-- Provided material follows --

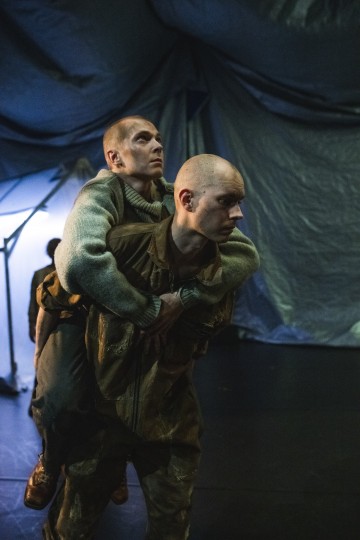 Helsingin Kaupunginteatteri – HDC – Lomonosovin Moottori – Kuva Kai Kuusisto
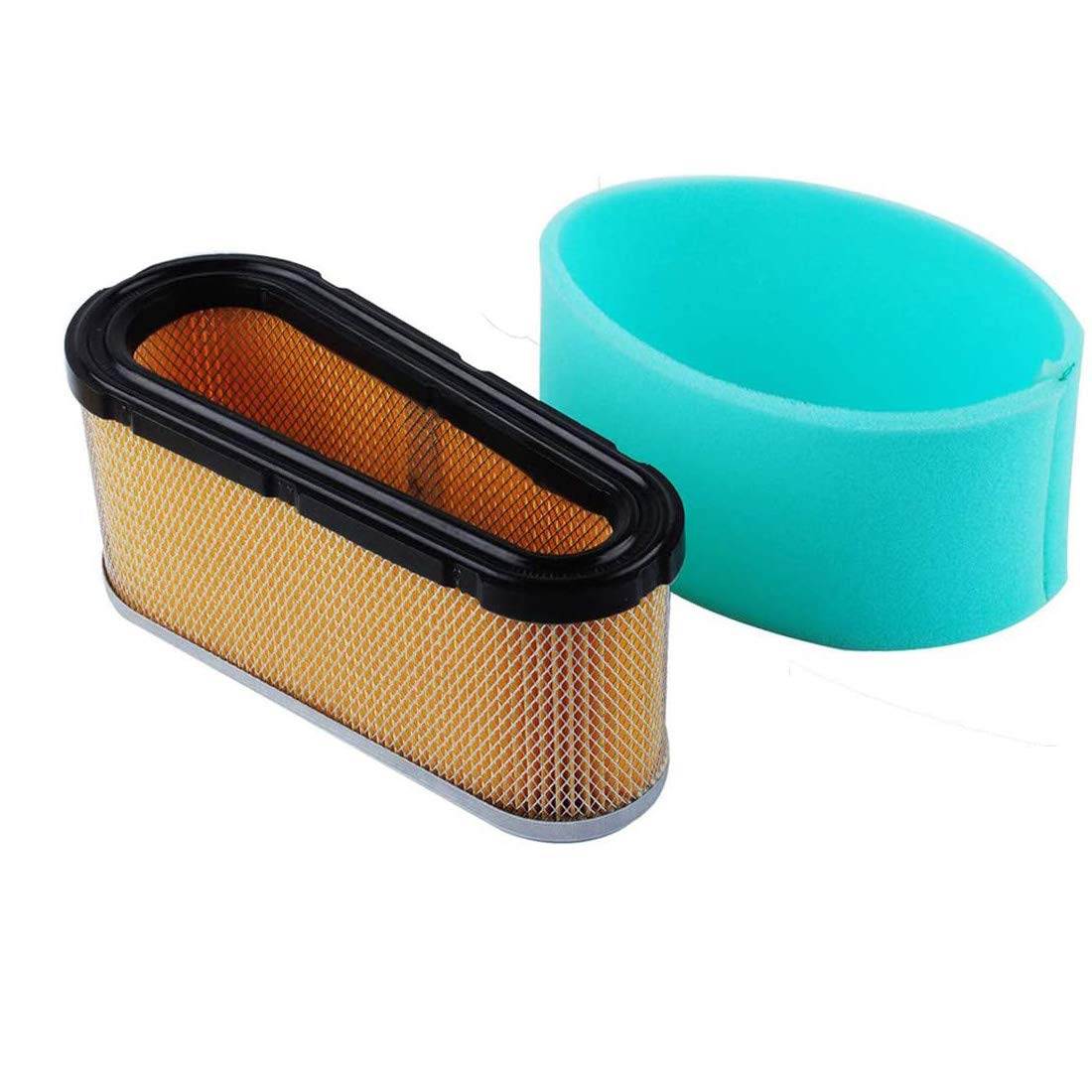 Podoy 496894 Air Filter For Compatible With Briggs Stratton 496894S 493909 Pre Filter 272403 272403S Craftsman Lawn Mower Air Fi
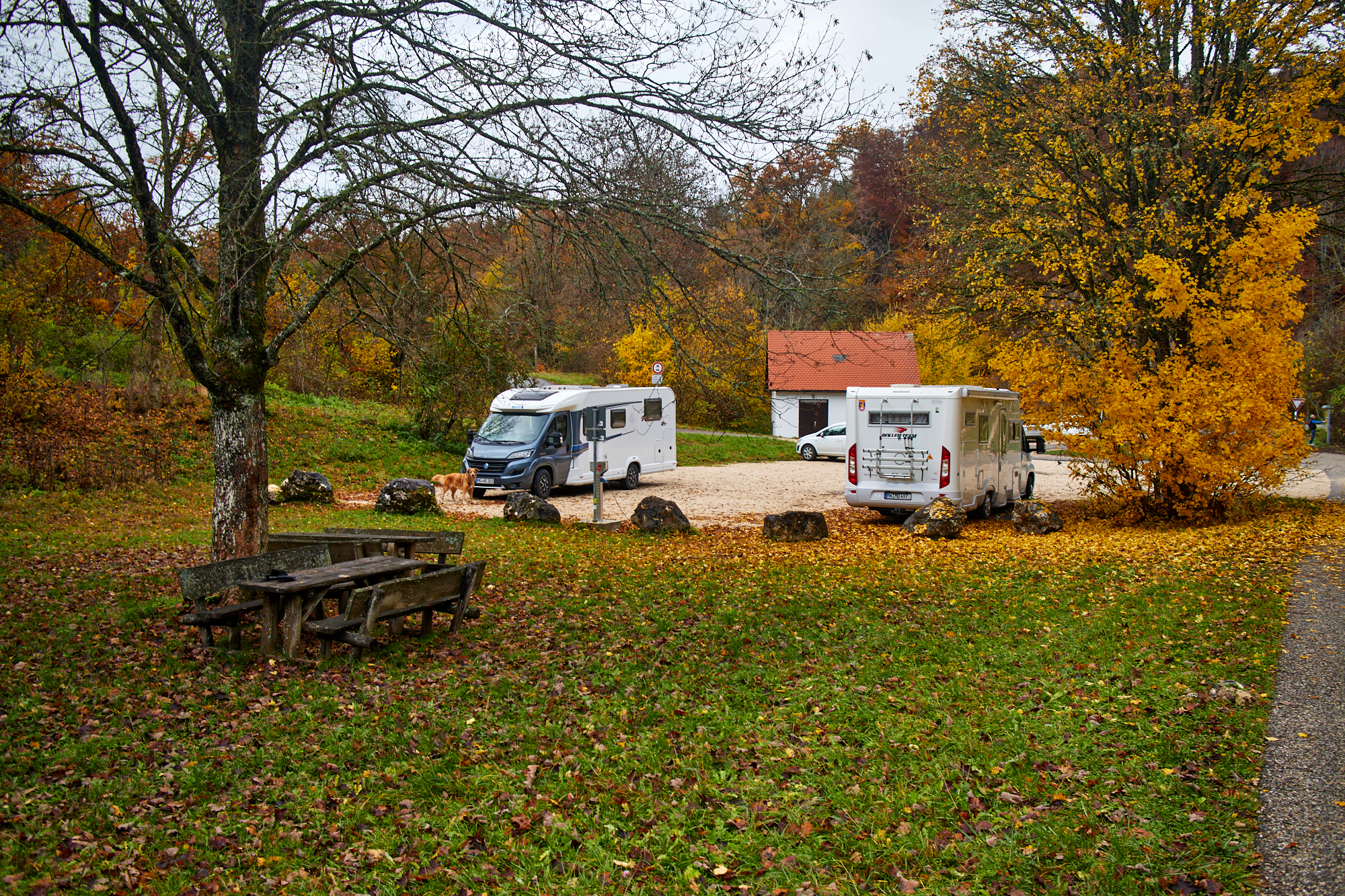 Wohnmobilstellplatz Lautertal Wohnmobilstellplatz Lautertal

-- Provided material concluded --

§ **Activity**: The output is the data above, repeated exactly, with pictures omitted.

§ **Solved problem**:
 Helsingin Kaupunginteatteri – HDC – Lomonosovin Moottori – Kuva Kai Kuusisto
 Podoy 496894 Air Filter For Compatible With Briggs Stratton 496894S 493909 Pre Filter 272403 272403S Craftsman Lawn Mower Air Fi
 Wohnmobilstellplatz Lautertal Wohnmobilstellplatz Lautertal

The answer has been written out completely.